We now carry out the same analysis for comedy movies. Here the quote from Ampere Analysis makes far more sense, we clearly see that given a same quantity matching of holiday and non-holiday movies, the inflated revenue for comedy movies released in holiday months is far greater that the inflated revenue for comedy movies released outside of holiday months. This not only proves that comedy movies released during the holidays tend to make more, it also shows us that each genre can react quite differently depending on when it is released.

Actor success score

One key success factor of a film is definitely its actors, however it is really difficult to measure how actors influence our metrics. Indeed, how can we score one actor? Our idea is to use the revenue of the movies the actor played in before the movie we are looking at. To see this in action, we can look at Tom cruise movies as an example. We can see that the actor score revenue is kind of following the box office revenue of a movie.

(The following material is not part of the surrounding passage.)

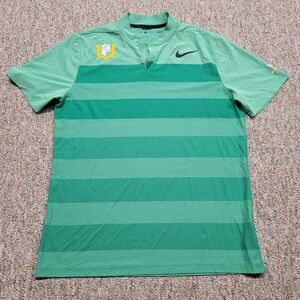 Tiger Woods Collection Polo Shirt Mens Large Green Striped Pique Performance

With this, we then use 3 features for each movie: the actor score revenue of the top 3 actors. We can then make a regression and the results are quite convincing with a Rsquared of 0.12 and p-values of 0.0! Even more surprisingly, the second actor score is the most important meaning that you need to have 2 good actors to make a good movie! Then the third one is still increasing the odds of making a good movie but not as much as the second one. To visualise this we used a PCA on these 3 features and make a graph with the first component and the inflated revenue. With a density plot we can see clearly where the actors are located and that the first component is correlated with the inflated revenue!

Conclusion

“Cinematic Alchemy: Ingredients for Movie Magic” attempted to unravel the complex dynamics of film success, blending artistic brilliance with financial viability. Our data-driven analysis explored correlations between movie attributes and different success metrics and assessed the impact of several factors, including economic contexts, themes, or movie length.

Throughout our analysis, the robustness of the movie industry to economic fluctuations has been highlighted, making the seventh art a solid business during uncertain financial periods. In terms of genre, the movies have been splitted into 16 different types using a clustering algorithm. In particular, relationships between this attribute and the box office revenue have been discovered. In particular, the Fantasy/Animation as well as the Drama/Crime Fiction categories tend to have higher financial success. A deeper dive would be needed to determine the causal nature of this link. To refine the research, an additional clustering on the topic has been conducted using movies’ plots which lead to 11 distinct groups. Based on that, some analysis brought to light a prevalence of war themed films between 1940 and 1970. Through the lens of a businessman, we noticed that the themes Adventure with Creatures, War and Military Action and Medieval Fantasy were the most financially attractive. The next analysis was focusing on the length of the movie. As a result, the revenue turned out to be higher for very long movies compared with just long movies. Looking for the ideal timing of release, some data exploration and manipulation has been performed. From this study, we can conclude that, for certain genres, distributing moves during the holidays tends to make more money. In addition, the revenue difference between holidays and non-holidays periods can differ depending on the genre. Finally, a compelling link between successful actors and the financial success of a movie by performing a linear regression. There’s a strong relation between the presence of a second famous actor and the box office revenue.

The study presented key relations between movie success and several internal and external factors. While no foolproof formula emerged, “Cinematic Alchemy” equips filmmakers and industry stakeholders with valuable insights, guiding them through the intricate landscape of the film industry. As the cinematic saga continues, this project stands as a significant contribution to understanding the magic behind movie success.